Le Palais-Royal, qui abrite le Conseil d’Etat, à Paris. | LUDOVIC MARIN/AFP

Le Conseil d’Etat hausse le ton au sujet de la prolifération de lois et de règlements qui semble être une caractéristique française. Après avoir constaté que l’Allemagne, les Pays-Bas, le Royaume-Uni ou même l’Italie ont mis en œuvre des politiques efficaces de simplification des normes, Jean-Marc Sauvé, le vice-président de l’institution du Palais-Royal, déplore que la situation en France se soit au contraire « aggravée ». Dix ans après une étude sur la « sécurité juridique et la complexité du droit », le Conseil d’Etat choisit de revenir sur ce terrain en consacrant son étude annuelle, publiée mardi 27 septembre, à la « simplification et la qualité du droit ».

Le bilan dressé sonne comme un cinglant réquisitoire. « On ne peut que constater l’insuffisance des études d’impact » qui sont censées accompagner tous les projets de loi du gouvernement, affirme par exemple Maryvonne de Saint-Pulgent, présidente de la section du rapport et des études. Ces études, recommandées par le Conseil d’Etat en 2006 et consacrées par la réforme constitutionnelle de 2008, « servent souvent à justifier a posteriori des réformes déjà décidées », déplore-t-elle.

L’absence de maîtrise du processus d’élaboration de la loi est criante. Un exemple parmi d’autres, le projet de loi relatif à la transition énergétique qui comportait 64 articles lors de son approbation par le gouvernement est passé à 215 articles après son passage au Parlement à l’été 2015. « A-t-on, à la fin, une efficacité trois fois plus grande dans la maîtrise de la transition énergétique ? », interroge perfidement M. Sauvé.

« Un enjeu de compétitivité »

Le problème de cet empilage de textes est qu’il fait souvent peser le poids de la complexité des règles sur les PME. « La simplification est un enjeu de compétitivité économique et d’attractivité du pays », martèle le patron de la haute juridiction administrative.
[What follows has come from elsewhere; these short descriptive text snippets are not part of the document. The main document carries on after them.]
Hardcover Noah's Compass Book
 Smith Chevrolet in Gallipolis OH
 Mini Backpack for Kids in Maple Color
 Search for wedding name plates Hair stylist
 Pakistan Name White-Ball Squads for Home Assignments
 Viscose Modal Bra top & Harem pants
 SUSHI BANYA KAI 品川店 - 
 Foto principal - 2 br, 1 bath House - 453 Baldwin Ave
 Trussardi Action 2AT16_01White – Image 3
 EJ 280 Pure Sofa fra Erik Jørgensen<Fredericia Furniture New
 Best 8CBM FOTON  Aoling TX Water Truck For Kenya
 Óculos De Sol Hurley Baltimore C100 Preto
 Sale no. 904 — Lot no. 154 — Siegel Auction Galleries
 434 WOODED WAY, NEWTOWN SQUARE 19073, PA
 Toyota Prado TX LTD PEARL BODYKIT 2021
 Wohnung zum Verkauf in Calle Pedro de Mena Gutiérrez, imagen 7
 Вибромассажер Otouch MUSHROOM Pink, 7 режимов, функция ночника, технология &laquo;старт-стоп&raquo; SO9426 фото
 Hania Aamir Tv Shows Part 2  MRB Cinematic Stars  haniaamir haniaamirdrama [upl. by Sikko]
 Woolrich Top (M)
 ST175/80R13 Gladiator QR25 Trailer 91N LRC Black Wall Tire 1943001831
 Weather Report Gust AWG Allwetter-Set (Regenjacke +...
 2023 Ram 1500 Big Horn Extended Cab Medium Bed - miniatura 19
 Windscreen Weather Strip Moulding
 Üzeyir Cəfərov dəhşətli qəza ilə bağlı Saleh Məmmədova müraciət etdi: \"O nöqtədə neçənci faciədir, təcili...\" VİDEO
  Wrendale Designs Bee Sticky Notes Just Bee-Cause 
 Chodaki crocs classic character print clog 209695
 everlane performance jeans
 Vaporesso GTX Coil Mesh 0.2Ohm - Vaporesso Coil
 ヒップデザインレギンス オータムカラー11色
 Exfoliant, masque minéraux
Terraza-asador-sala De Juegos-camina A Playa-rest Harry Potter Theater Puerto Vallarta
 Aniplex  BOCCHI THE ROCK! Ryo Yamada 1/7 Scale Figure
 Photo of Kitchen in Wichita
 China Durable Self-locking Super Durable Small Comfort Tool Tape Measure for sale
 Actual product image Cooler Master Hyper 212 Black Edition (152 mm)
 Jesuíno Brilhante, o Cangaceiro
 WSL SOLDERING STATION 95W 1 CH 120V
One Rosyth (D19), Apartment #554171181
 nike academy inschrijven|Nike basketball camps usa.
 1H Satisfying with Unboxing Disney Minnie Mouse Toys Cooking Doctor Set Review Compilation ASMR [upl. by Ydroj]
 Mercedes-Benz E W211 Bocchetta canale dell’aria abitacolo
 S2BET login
Cette complexité est également « devenue l’un des premiers facteurs d’exclusion », affirme le rapport, soulignant la difficulté des personnes en situation de précarité face aux arcanes des démarches administratives.

Cette situation n’est pourtant pas une fatalité et nos voisins parviennent à résister davantage à cette pression qui dicterait des lois « en réaction au journal de “20 heures” ». La Chambre des communes britannique vote en moyenne quinze lois par an, et les Pays-Bas s’interdisent de produire deux lois sur un même sujet au cours d’une même législature. « La puissance du Bundestag [la Chambre basse du Parlement allemand] ne tient pas au volume des lois qu’il vote », observe M. Sauvé.

Pour aider à faire émerger une « véritable politique de simplification » qu’il appelle de ses vœux, le Conseil d’Etat liste vingt-sept propositions auxquelles il ajoute six engagements pour son propre compte, puisqu’il est l’un des acteurs de l’élaboration des normes.

En premier lieu, il propose de calculer la charge administrative et les coûts induits par les nouveaux textes. Les outils d’analyse existent et d’autres pays se livrent déjà à ce type d’exercice. Pas la France, faute de volonté politique. La mesure de tels coûts a permis à l’Italie d’inscrire des objectifs chiffrés de réduction de charge dans sa politique de simplification normative.

Quand aux études d’impact, le Conseil d’Etat propose de garantir leur qualité en les soumettant à la certification d’un collège d’experts indépendants. Le travail législatif devant débuter par la question de la nécessité de la réforme et d’une loi pour y parvenir. Parmi ses engagements, le Conseil d’Etat, dont l’avis est sollicité sur les projets de loi du gouvernement, promet de rehausser son exigence en matière de simplification et de qualité du droit. « Il n’y aura plus d’autocensure pour signaler plus fortement l’insuffisance de certaines études d’impact », promet Mme de Saint-Pulgent.

Ce contrôle de qualité ne doit pas s’arrêter à l’amont. Le rapport recommande ainsi que les amendements les plus importants apportés par le gouvernement ou les parlementaires, lors du débat législatif, soient également soumis à une évaluation en termes d’impact. A l’autre bout de la chaîne, le Conseil constitutionnel a lui aussi promis qu’il serait plus vigilant sur la qualité de la production législative.